La thérapie par le vide est une méthode qui s’est avérée très efficace, en particulier pour stimuler la formation de tissus, et qui est devenue, ces dernières années, une procédure standard pour le traitement des plaies aiguës et chroniques, qu’elles soient étendues ou profondes [2]. Cette technique consiste à placer une éponge en alcool polyvinylique ou en polyuréthane ou, à défaut, un pansement en gaze dans le défaut de la plaie. Un film hermétique est ensuite appliqué et une pression subatmosphérique est créée, ce qui stimule les processus de cicatrisation. Cette méthode s’est avérée très efficace, en particulier dans le domaine du traitement du syndrome du pied diabétique, des escarres et des ulcères veineux.
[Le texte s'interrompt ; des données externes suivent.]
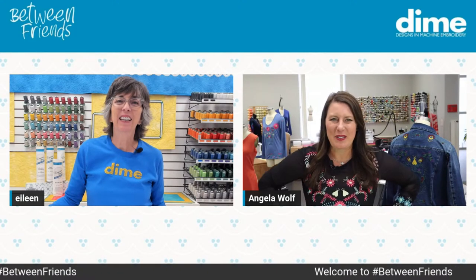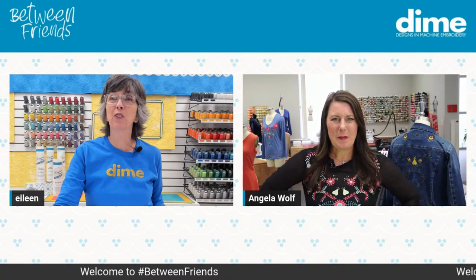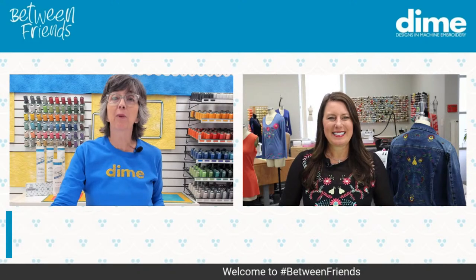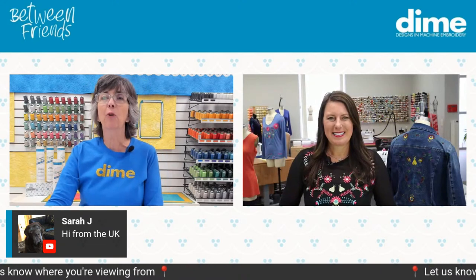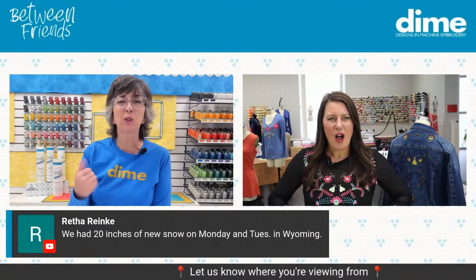I want to say hi to everyone rolling in too — Woofies and everybody else. We have a lot of folks joining us. I guess you know some of the names — Marianne Adams maybe from Yuma, Sarah J from the UK, someone from Germany earlier, and Ritha Branky, she's always the first to arrive. She's up in Wyoming — 20 inches of snow!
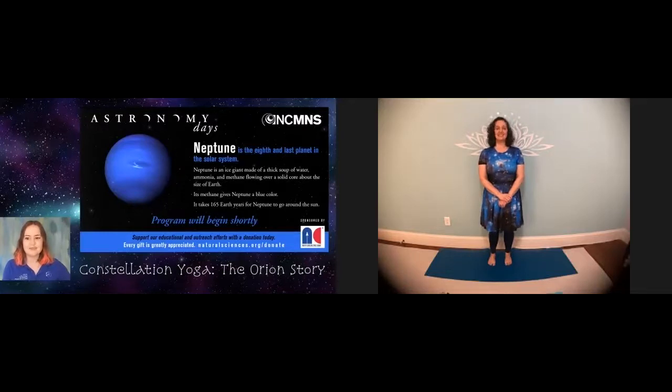We still have a few people joining. Go ahead and type in the chat to let us know your favorite yoga pose or favorite constellation. Janet's favorite is Scorpio — that's another good one. Make sure you've got your yoga supplies ready and your stretchy pants are on.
La thérapie par compression est une méthode efficace utilisée dans le traitement de la plupart des plaies chroniques des membres inférieurs ou des œdèmes. Outre les patients souffrant d’ulcères veineux, il est possible de traiter de nombreux autres types de plaies chroniques, comme les ulcères mixtes, les vascularites, les vasculopathies ou les nécrobactérioses lipidiques, après avoir exclu les contre-indications pertinentes (ischémie critique) [2]. En raison de la douleur, le traitement doit être commencé avec une pression plus faible. Dans la phase initiale de la décongestion, il existe des systèmes multi-composants et des bandages de compression adaptatifs qui permettent d’ajuster la pression. L’ajustement des bas de compression pour ulcères ne doit être effectué qu’une fois la décongestion terminée, lors de la phase de maintien.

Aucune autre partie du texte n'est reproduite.